## Required action
All the lines below need retyping exactly, apart from the images.

## Data block
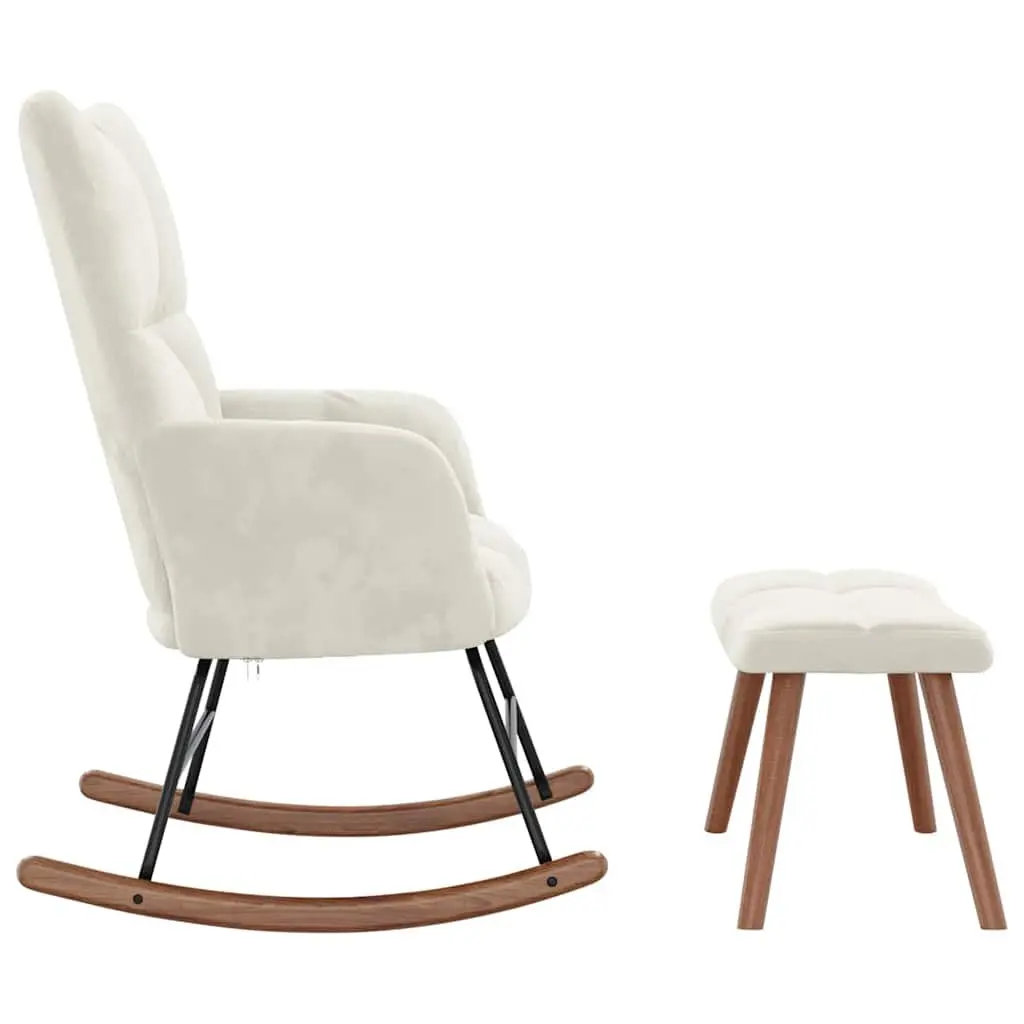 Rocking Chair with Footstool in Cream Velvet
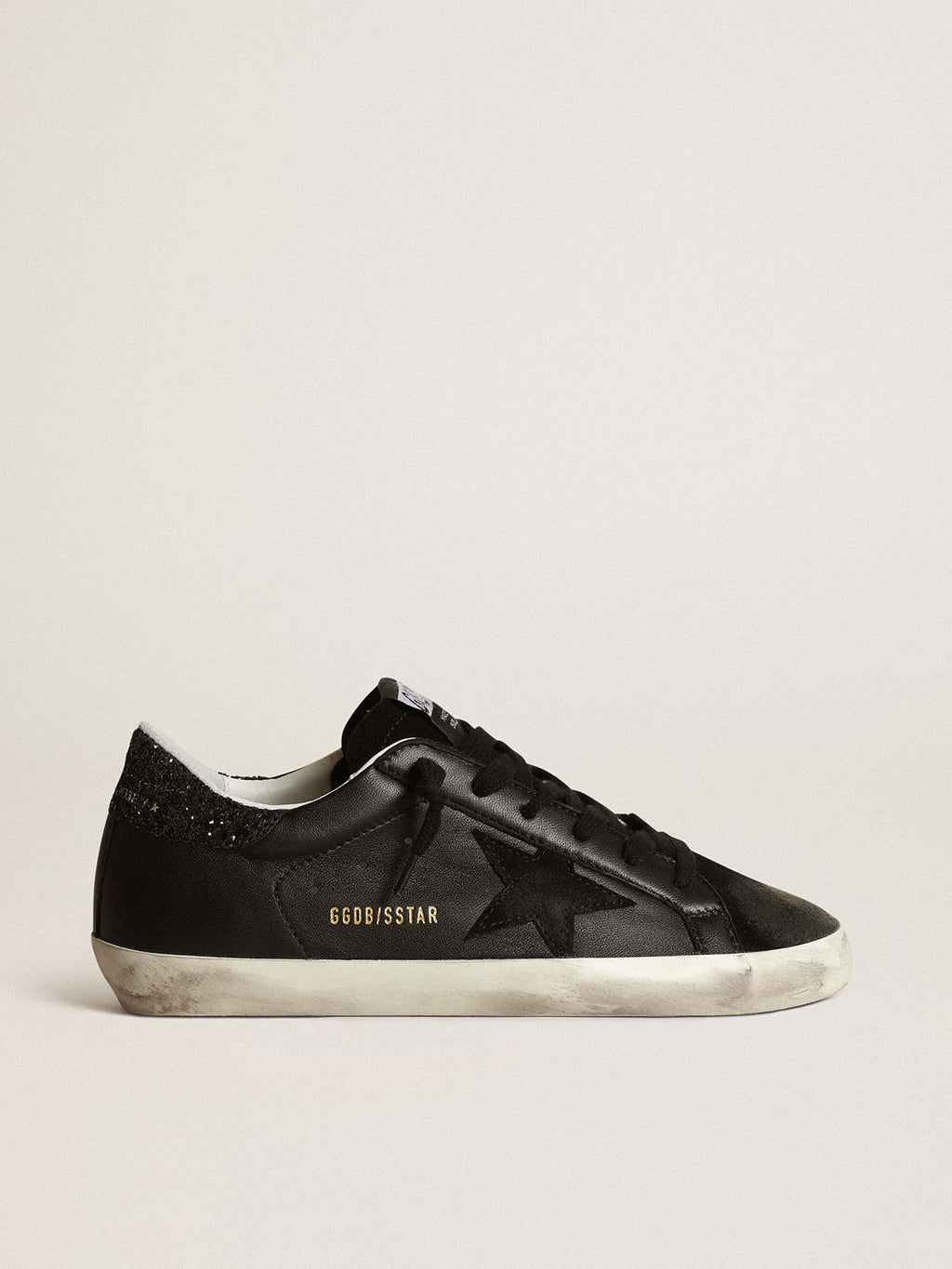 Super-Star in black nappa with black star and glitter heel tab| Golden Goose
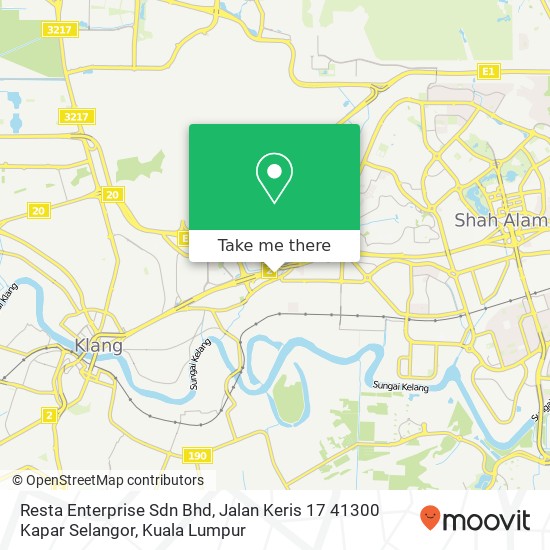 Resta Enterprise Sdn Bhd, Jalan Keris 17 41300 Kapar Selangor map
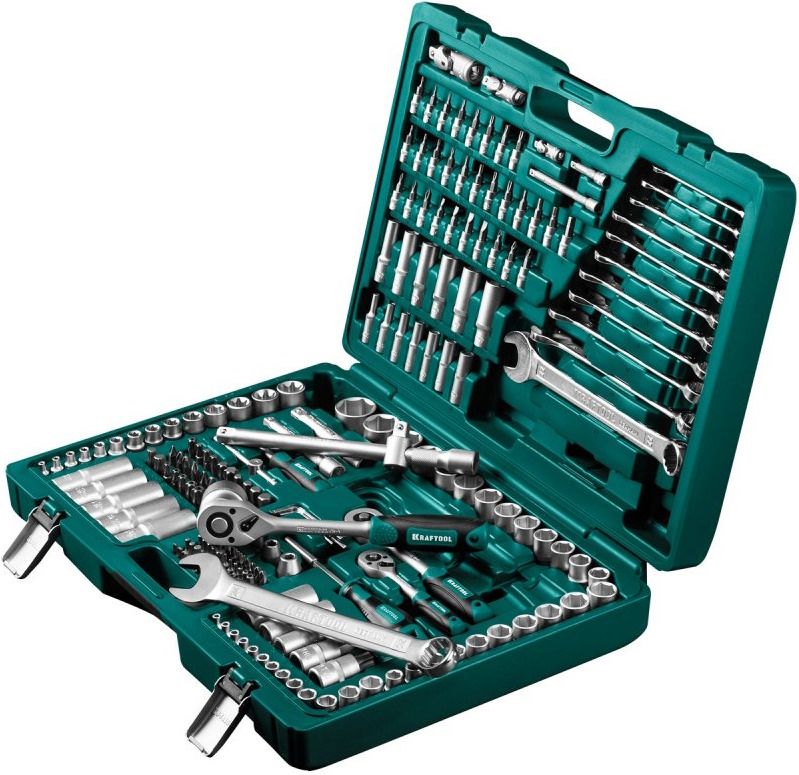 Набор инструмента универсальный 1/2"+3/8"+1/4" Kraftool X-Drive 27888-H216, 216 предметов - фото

## Solution for this problem
 Rocking Chair with Footstool in Cream Velvet
 Super-Star in black nappa with black star and glitter heel tab| Golden Goose
 Resta Enterprise Sdn Bhd, Jalan Keris 17 41300 Kapar Selangor map
 Набор инструмента универсальный 1/2"+3/8"+1/4" Kraftool X-Drive 27888-H216, 216 предметов - фото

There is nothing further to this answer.